11/04/2016
Publicado no O Globo
Projetos de combate à corrupção já enfrentam ataques no Congresso
Especialistas alertam que propostas em curso podem dificultar investigações
SÃO PAULO — Nos últimos dois anos, enquanto a Operação Lava-Jato revelava minúcias da corrupção no Brasil, inúmeros projetos foram apresentados ao Congresso para regular o tema. Em 2015, foram cerca de 200 proposições, cinco vezes a média dos últimos dez anos. O que se vê, no entanto, é que a preocupação com o assunto pode não resultar em maior resguardo da população brasileira. As propostas que tramitam com mais rapidez são justamente as que podem criar dificuldades para investigações ou embutem mecanismos que abrandam punições.
Risco de Impunidade
No total, 528 proposições que versam sobre corrupção tramitam pelas comissões da Câmara dos Deputados e do Senado sem que se transformem em leis capazes de moralizar a administração pública. Algumas estão no Congresso há uma década. Em 2005, Anselmo de Jesus, um agricultor que chegou à Câmara eleito pelo PT de Rondônia, decidiu cortar na própria carne. Apresentou uma proposta de emenda à Constituição que extingue o foro privilegiado para deputados e senadores. Em dez anos, recebeu um único parecer favorável, até hoje não votado.

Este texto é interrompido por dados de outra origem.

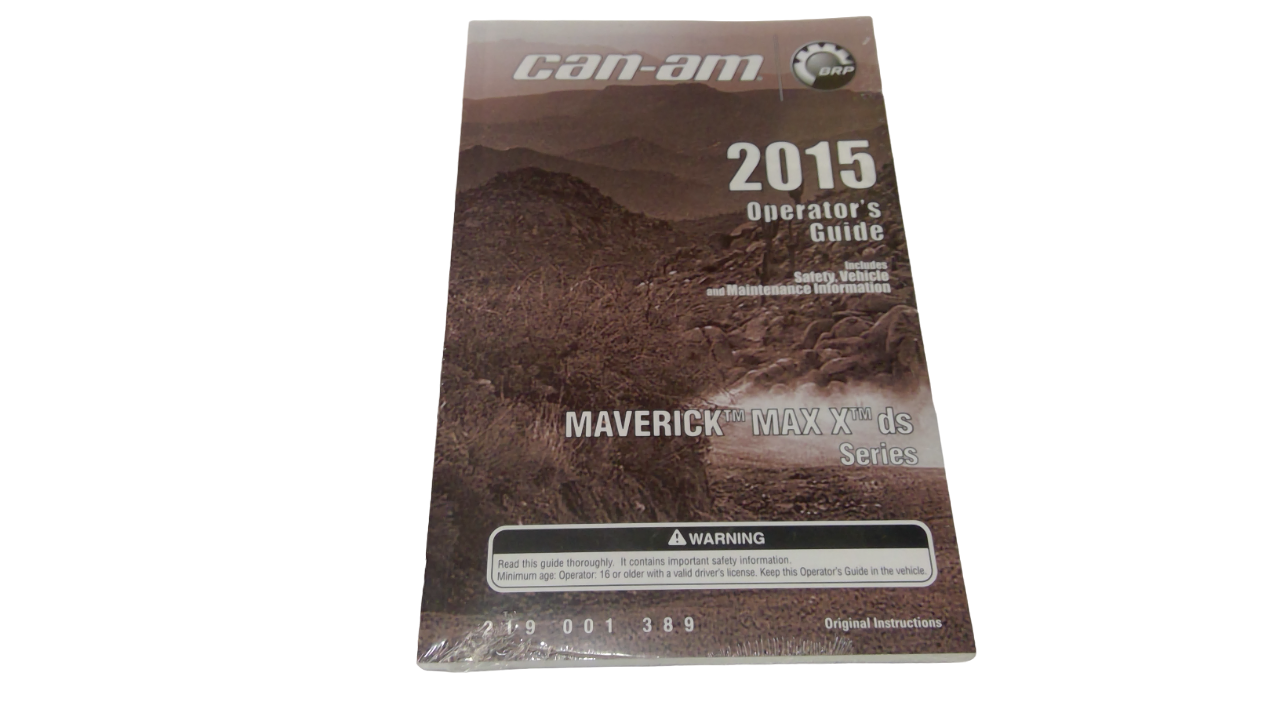 Fits BRP Operator Guide 2015, OEM Part # 219001389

— No Congresso, o mais fácil é fazer um projeto parar. Difícil é fazer andar — diz o deputado Mendes Thame (PV-SP), presidente da Frente Parlamentar Mista de Combate à Corrupção.

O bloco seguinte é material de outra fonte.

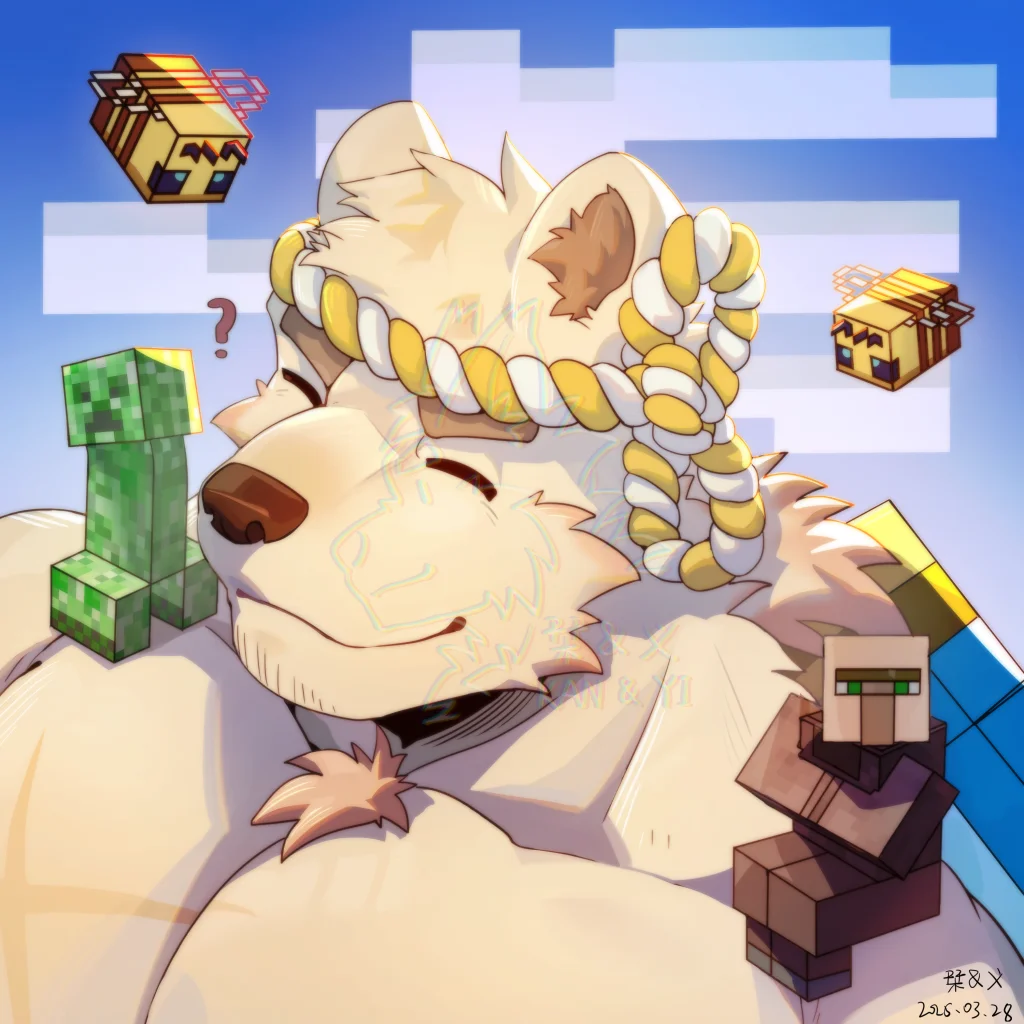 小黑生日贺图 by 刊刊, furry, 兽人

Na contramão da proposta de Anselmo de Jesus, parlamentares passaram a discutir nas últimas semanas a ampliação do foro privilegiado a ex-ocupantes de cargos públicos, como presidentes da República. Incomodados com os dois anos de atuação da Lava-Jato, muitos parlamentares já defendem um prazo máximo de duração para as investigações. Um projeto de lei do senador Blairo Maggi (PR-MT), por exemplo, estabelece o prazo de 12 meses, prorrogável por igual período uma única vez, para a conclusão de inquérito. Se esse prazo já estivesse em vigor, muitos inquéritos abertos pela Lava-Jato seriam prejudicados.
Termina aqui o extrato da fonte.